Abstract

The crystal structure of khinite, Pb2+Cu32+ Te6+O6(OH)2, orthorhombic, a = 5.7491(10), b = 10.0176(14), c = 24.022(3) Å, V = 1383.6(4) Å3, space group Fdd2, Z = 8, Dcalc = 6.29 g/cm3, from the Empire mine, Tombstone, Arizona, USA, has been solved by direct methods and refined to R1 = 3.2% on the basis of 636 unique observed reflections. There is one distinct Te site occupied by Te and coordinated by six O atoms in an octahedral arrangement with a <Te–O> distance of 1.962 Å, typical of Te6+. There are three octahedrally-coordinated Cu sites, each of which is occupied by Cu2+ with <Cu–O> distances of 2.132, 2.151 and 2.308 Å, respectively. Each Cu octahedron shows four short meridional bonds (~1.95 Å) and two long apical bonds (2.46–2.99 Å) characteristic of Jahn-Teller-distorted Cu2+ octahedra. There is one distinct Pb site occupied by Pb and coordinated by six O atoms and two (OH) groups with a <Pb–O, OH> distance of 2.690 Å. TeΦ6 and CuΦ6 octahedra share edges and corners to form an [MΦ2] (where Φ = O, OH) layer of composition [TeCu3Φ8]. These layers stack along the c axis at 6 Å intervals with Pb atoms between the layers.

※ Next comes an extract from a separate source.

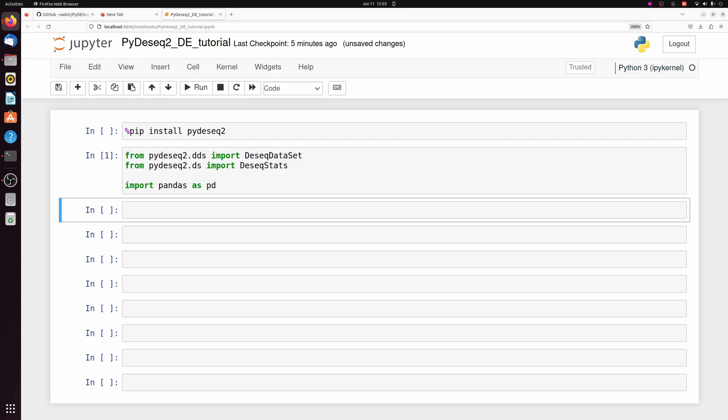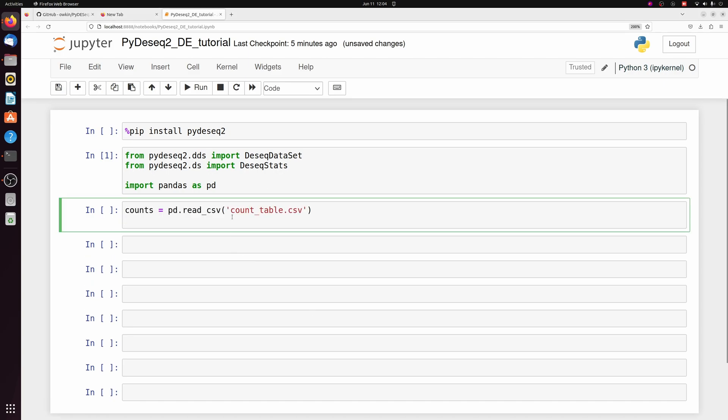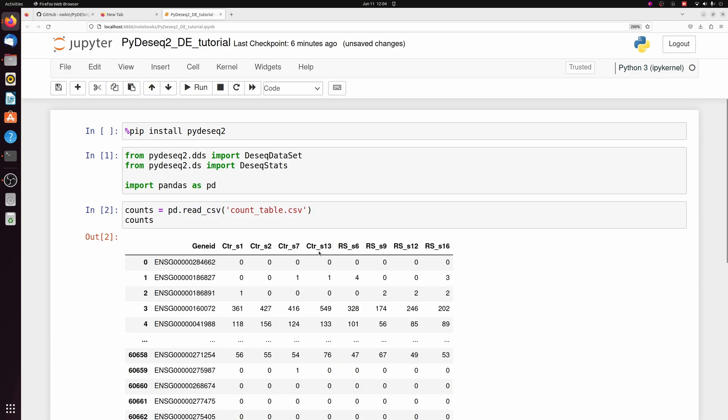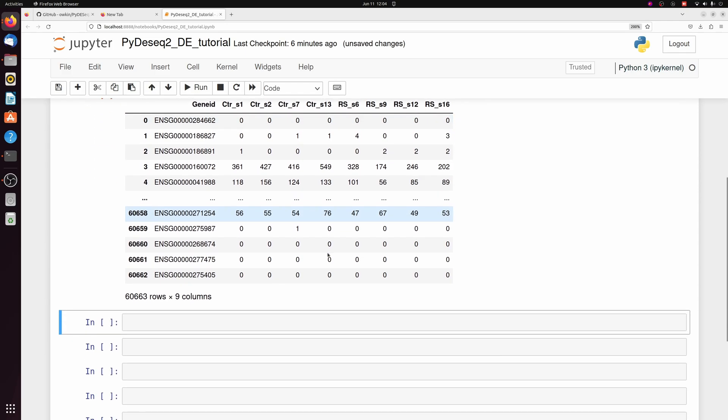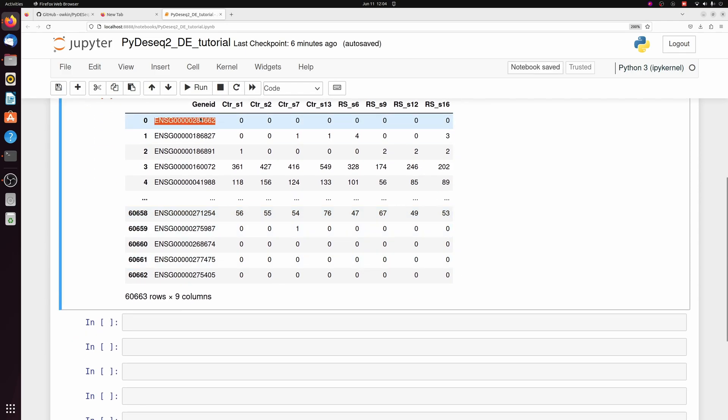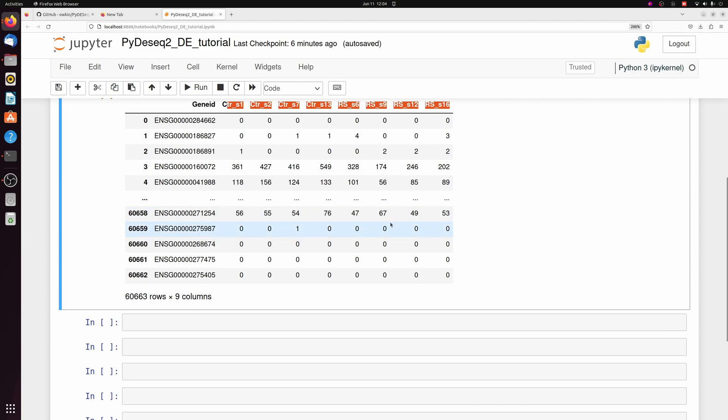I already have a counts CSV, so at this step we're assuming you have a counts CSV or any format of counts table. I'm just going to go ahead and read mine in. If it's not a CSV, you'll have to change how you import it here, but that's a pretty straightforward step.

Identical layers occur in the structure of parakhinite, Pb2+Cu32+ Te6+O6(OH)2, hexagonal, a = 5.765(2), c = 18.001(9) Å, V = 518.0(4) Å 3, space group P32, Z = 3, Dcalc = 6.30 g/cm3. It is only the relative stacking of the TeCu3Φ8 layers in the c direction that distinguishes the two structures, and hence khinite and parakhinite are polytypes.